【2019忍殺再読】「カット・ザ・ボトル・ネック」
初期マスラダ怖い
AOM時系列でのデッドリー・ヴィジョンズということで、フジキドではなくマスラダが出て殺すな一編なわけですが、いや~初期のマスラダくんめっちゃ怖いですね。何考えてるのか全くわからないし、言ってることが支離滅裂だしで、なんというか、非常に、マジモン感がある。不条理さでいえば、フジキドの上をいっているんじゃないでしょうか。

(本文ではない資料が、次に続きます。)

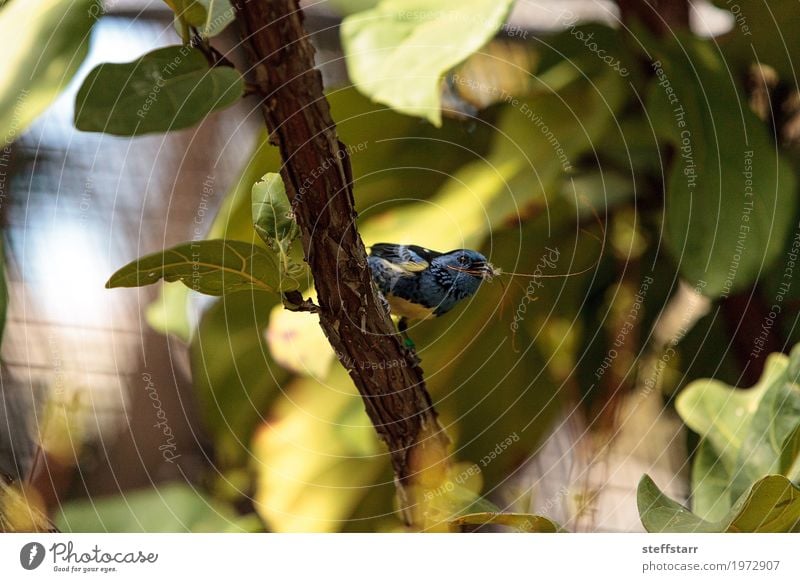 Türkis Tanager bekannt als Tangara Mexicana Natur Tier Pflanze Baum Garten Vogel 1 blau braun türkis weiß Türkis-Tangare Tanger Tierwelt Wildvogel Venezuela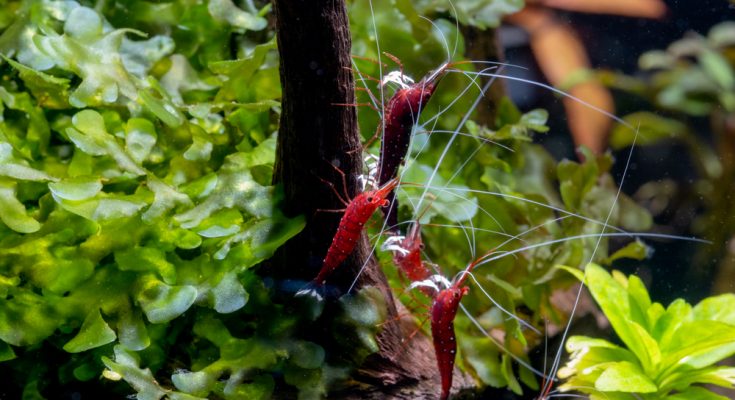 Rote Sulawesi Garnelen Caridina dennerli im bepflanzten Aquarium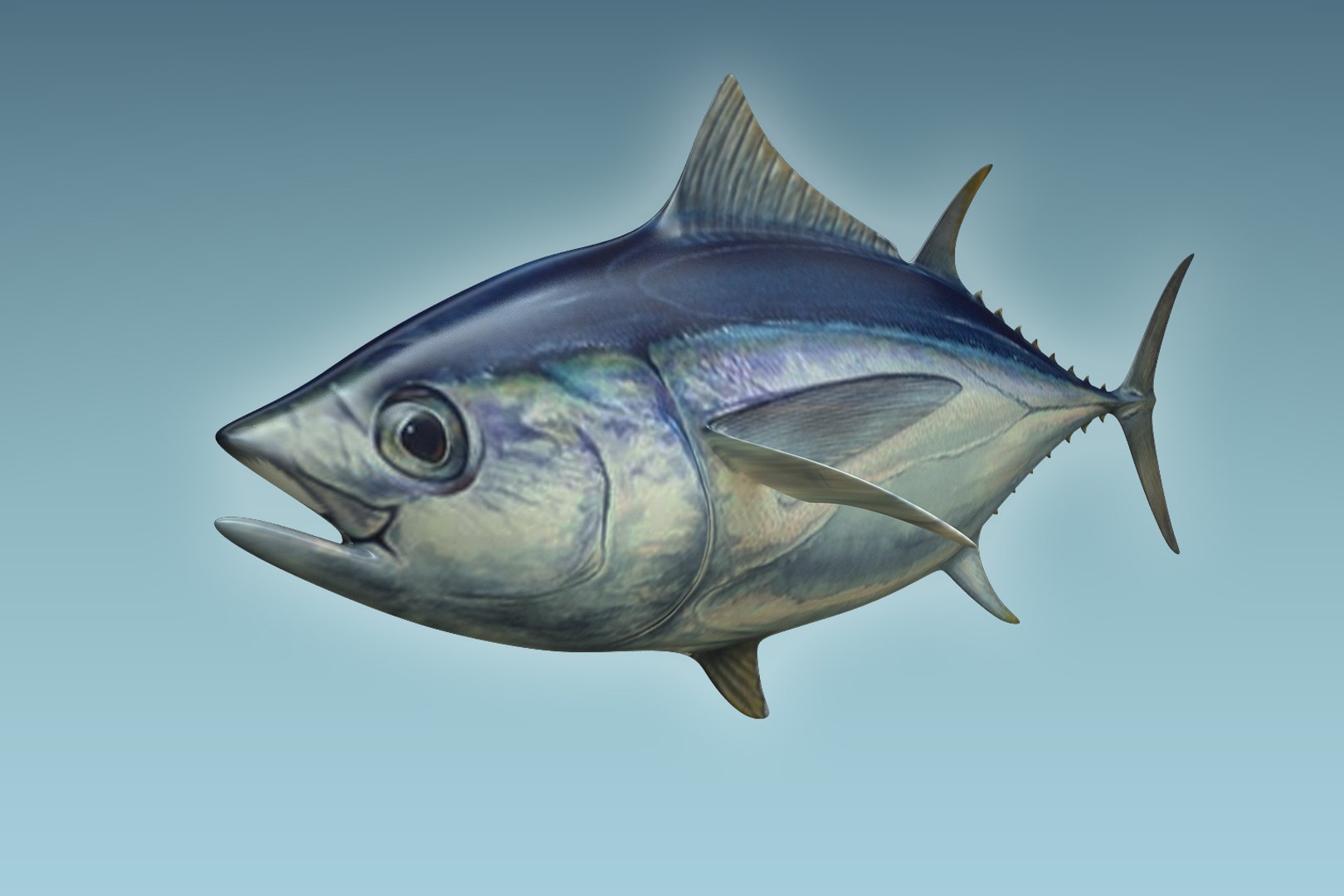3D yellowfin tuna https://p.turbosquid.com/ts-thumb/Ox/Qh2efB/yv5a4ZeI/05/jpg/1504674323/1920x1080/fit_q87/282100586ce947aa2ed1d72200b0e4286ce36dde/05.jpg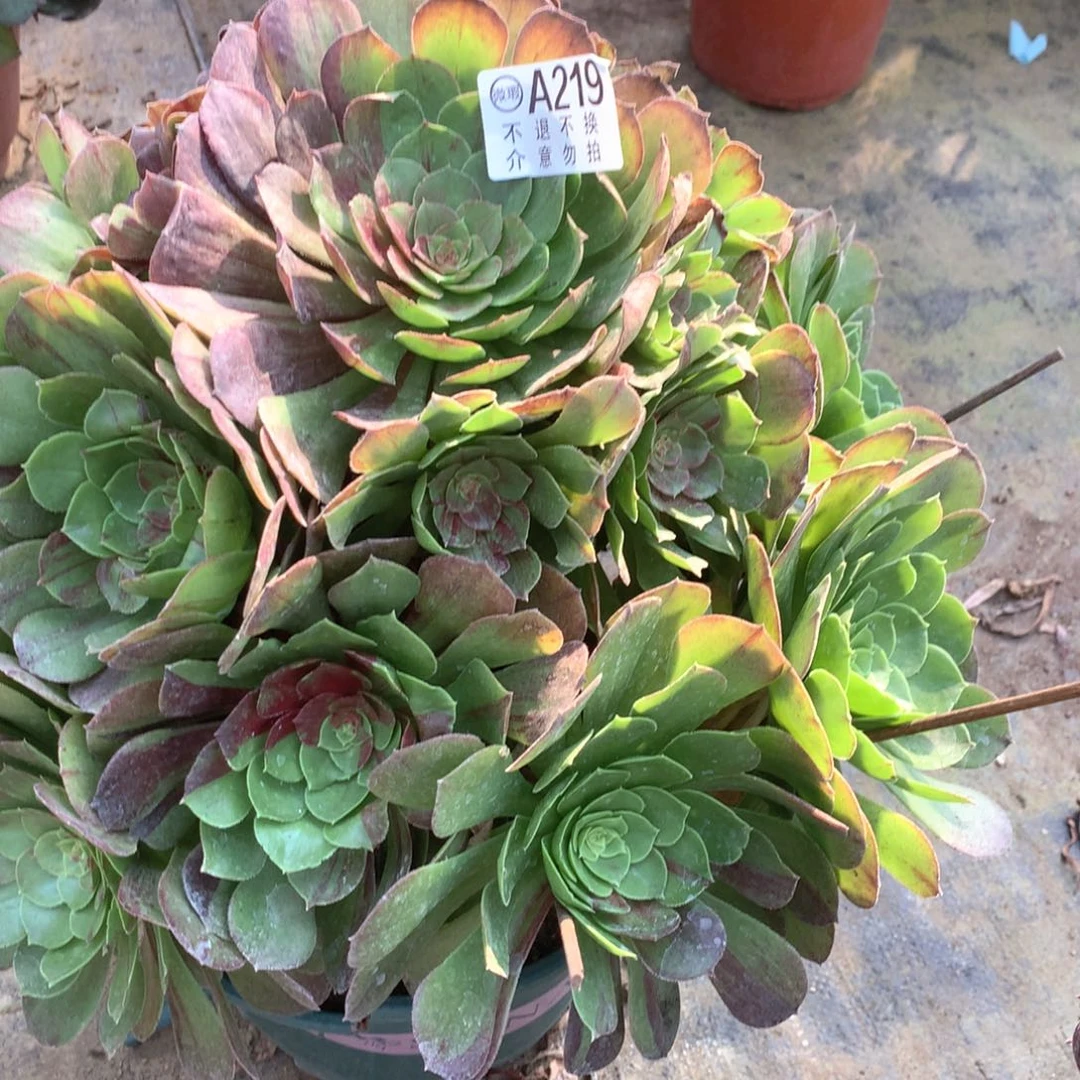 挖*季多肉植物花月夜219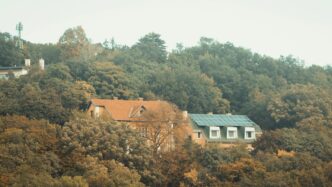 Two houses nestled among autumn trees on a hill.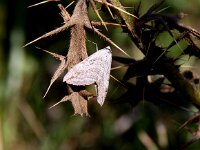 Aplocera efformata 2, Sint-janskruidblokspanner, Saxifraga-Peter Meininger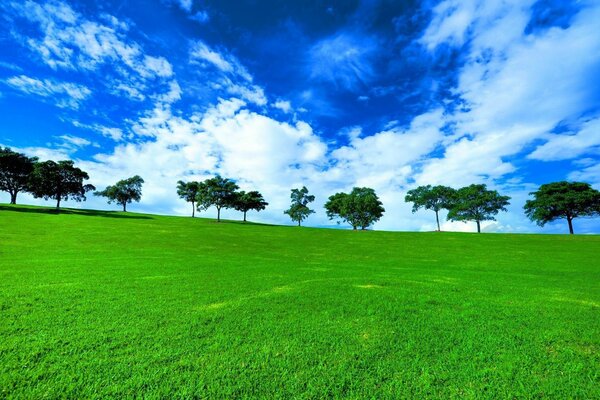 Green grass and blue sky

フジキドはまだ発言と行動が繋がってるんですよ。「ニンジャ殺すべし」という台詞を発し、その通りにニンジャを殺す。その動機こそわからないにせよ、少なくともニンジャである自分が殺されるにあたり、「ああこいつはニンジャを殺すのが目的であり、ゆえにニンジャである俺は殺されるんだな」と納得ができる。マスラダは無理です。「サツガイという男を知っているか」という発言と、ニンジャを殺す行動が全く繋がっていない。繋がっていないどころか、質問しておきながら答えを待たずに即殺しにくる。理屈にあわない。説明がつかない。わからないということは何よりも恐ろしく、納得できないまま迎える死は何よりの不条理である……。こんなひどいことしておきながら、自分は「大体わかった」するあたり、本当に傍若無人なんですよねこの元オリガミアーティスト。そりゃタキも怒るぜ。
あと、フジキドなんですけど、「わからないことは恐ろしい」を前提に据えた場合……あくまで敵ニンジャの視点からですが……トリロジー初期よりも、AOM時代の方がより恐怖いんじゃないかなと偶に思います。現在のフジキドは、我々読者の倫理観や道徳心に近しい判断基準をもって、邪悪な殺すべきニンジャを判別しているわけですが、AOMの価値観はあまりに多様。文化的な差異から、フジキドの判断を共感も理解もできないニンジャは多く存在することでしょう。「ニンジャ全員殺すマン」と、「意味不明な指標に従ってニンジャを殺したり殺さなかったりする男」。敵ニンジャの視点に立った時、どちらがより理解ができないかというと、私は後者だと考えます。
ブルタルギアさんなんなの
ワンアイデア型のヴィジョンズの魅力として、定まったテーマへ向けて状況を最小限の過程で畳み込んでゆくことで生まれる小気味よさというものがあると思います。脚本のあからさまな無理筋味が笑いを誘うと言いますか。その犠牲というべきかなんなのか、ヴィジョンズに出てくる敵ニンジャの皆さん、本当に色々存在が無茶なんですよね。お前、何考えてそんなことしてたんだよというおかしみにあふれている。私は、ジャンプ漫画の第一話に登場する主人公に殴られるためだけに存在するチンピラが大好きなので、「テーマに則って殺されるため」だけに設計されている彼らが本当に大好きでして。本作に登場するブルタルギアも例外ではありません。
そもそも、ニンジャ全能感に浮かれてやることが、工場の瓶をひたすらチョップでカットするなのがおもしろすぎる。「ただのガラス瓶では満たすことのできない、禁断の領域にまでエスカレートしていた」とか言われてますけど、逆に言うと工場一つ空にするまで瓶で我慢できている善良さは驚愕に値するべきではあるまいか。アンデラちゃんですら憑依そうそうマッポをしばきたおしてるというのに、一体何を考えているのか。しかもチョップでカットするにあきたらず、それ専用のパワードスーツをDIYしてるのは一体どういうことなのか。何がそこまで彼をボトルカットに駆り立てるのか。ニンジャは自ら創造する事がないとは一体なんだったのか。せめてDIYせずにどっかからパクってこいよ。お前本当に文明の簒奪者か?
未来へ……
未来の話なんて一つしか言うことないですよ。SOCが活躍するエピソードをもっと供給してください。いや~私、何を隠そう、SOCのクソッタレどもが仲睦まじく残虐行為を働いてるのが大好きでして。本編では彼ら、何だかんだ一人ずつ登場してはやられていくばかりで、その「組織」としての活躍は描かれなかったじゃないですか。デシケイターたちは真面目に鼎談してましたけど、あれはSOCの活動とはなんか違いますし……。要は、彼らのサークルとしてのオーソドックスな活動風景が読みたいんですね。その辺からさらってきたモータルを拷問しながら、バーベキューとかパジャマパーティとかするSOCが見てぇ~!